I think the most fun was beating Courtney [Eaton] up because we’re best friends in real life. But I think just like, the fun sequences, like the first time we see these women being very physical and tapping into their feral, darker madness. Women beating each other up is not something you often get to see on screen, so I felt very privileged to be able to let that out.

Then, I would say the hardest one was the birthing episode because of how sensitive the subject is. I was really nervous going into it because I’ve never given birth—obviously—before. I remember after the table read, everyone had left and I looked up from my script and just started sobbing.

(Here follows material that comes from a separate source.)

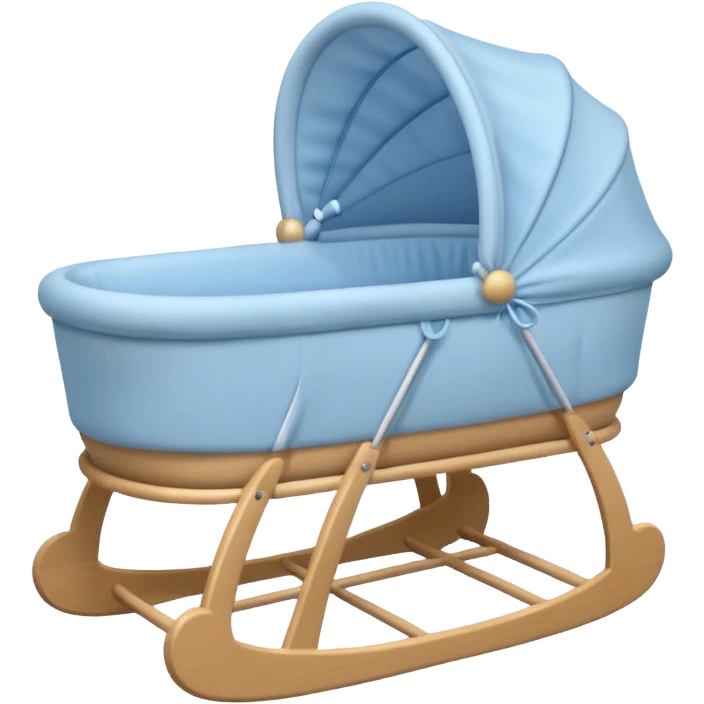 blue baby bassinet emoji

I did a lot of research going into it and talked to a lot of women in my life that have gone through pregnancies and given birth. Every single one of them is so unique and so particular—some go really well, some are really bad, and I just tried to channel all those different experiences. I think it’s so well written that you really go through that roller coaster of emotions. It’s also deeply solitary and sad, unfortunately, so it was a bit challenging emotionally. There was constant communication on set with the director. I was always asking about the physicality of it. “How long are the screams?” “How long do the contractions last?” “What’s the level of exhaustion at that point?”

In this latest episode, we’re seeing the survivors hunt each other for the first time. In quite the twist, Natalie is actually the first chosen to be killed. What was this bonkers episode like to film?

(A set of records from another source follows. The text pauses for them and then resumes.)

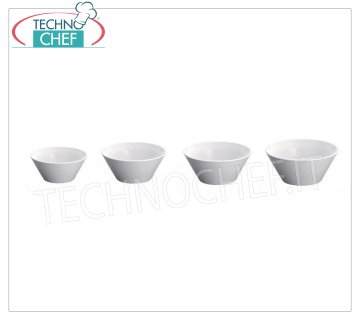 SATURNIA - SALADIER CONIQUE, Collection Naples, en porcelaine blanche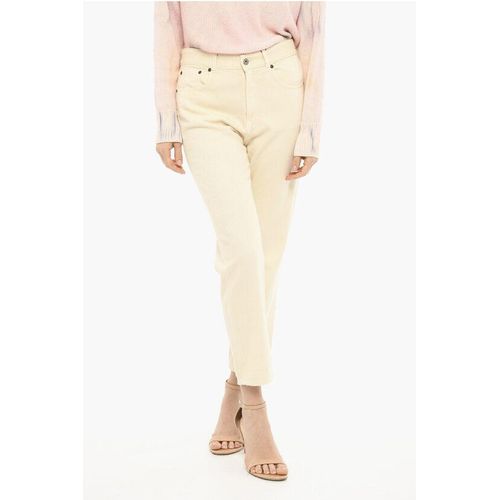 5-Pocket-Hose aus Baumwolltwill in Beige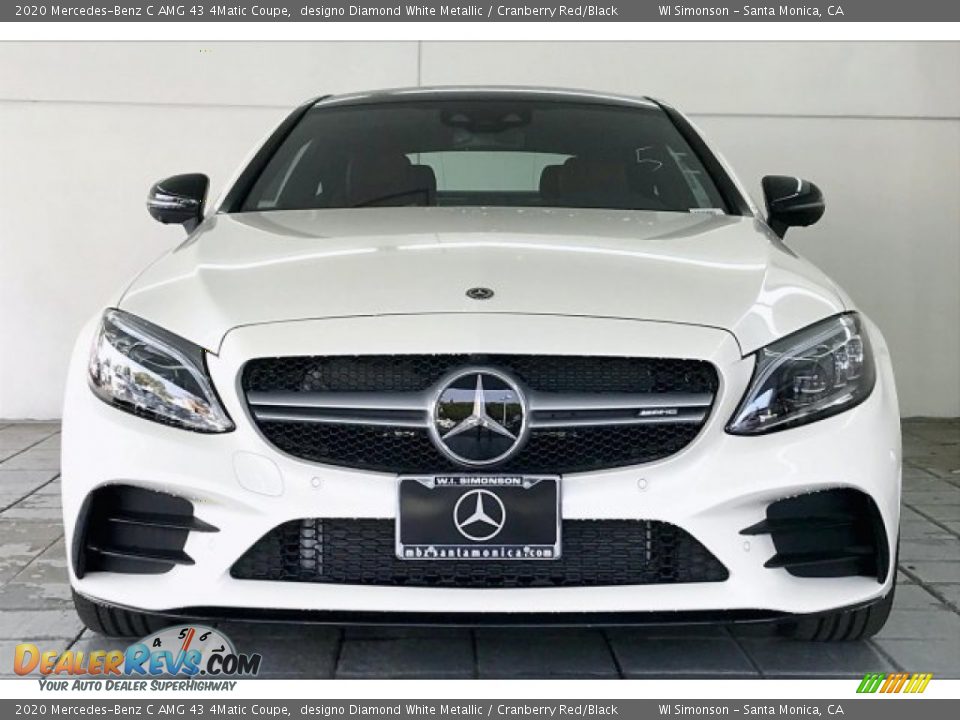 2020 Mercedes-Benz C AMG 43 4Matic Coupe designo Diamond White Metallic / Cranberry Red/Black Photo #2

I love that episode because it circles back to the episode in the first season where we’re all hunting Travis down while on a trip. It’s such a full-circle moment but it’s scarier now because we’re actually doing it without being high. We’re knowingly doing it now. It’s weird because even though they’ve completely lost it by this point, we still somehow care for those girls. Like, when they watch Javi die, you’re not like “oh, I hate them, how could they?” You sympathize. It brings up so many questions for the audience watching, like, “Well, what would I do in that kind of situation?”

This is also the first time the audience learns that the playing cards are a tool for choosing the next person to hunt. Can you shed some light on whose idea this was? How’d we get there so quickly?

The transition is very quick. We just suddenly decide that we’re going to commit to it and I think the only way that we can—I mean there’s no logical explanation behind it because no one deserves to die—is to choose the cards ourselves and rely on faith and that higher power. I mean, it’s heartbreaking. It’s kind of like Russian Roulette. But we’re at the point where it’s either one of us dies, or we all die. So, realistically, it makes more sense to have one person die.

We’re ramping up to a season finale here, and honestly, I don’t how things could get more insane, but what can you tease?

I have no idea. I wish I could tease. I wish I knew more. The writers don’t give us anything. We are as much in the dark as the audience is in terms of the season finale. What I’m assuming is that we’re going to go full-on feral, animalistic, and completely disconnected from reality, from our moral values, from what’s right or wrong. We’re literally surviving on primal instincts. I want to see these girls go dark and crazy, and I think Shauna has nothing to lose anymore. She doesn’t have her best friend, she doesn’t have her baby…I think she’s going to go full-on dark and psycho.

For Shauna, I want to see her ice cold. I don’t want her to have any empathy or remorse, and to let that dark side of her shine. I think when we see her when she’s older, she thinks that she’s undeserving of love and that she’s a profoundly bad person and we need to see her do this really bad thing in order to understand where all of that stems from. So, I’m hoping that she’s going to kill people with her bare hands.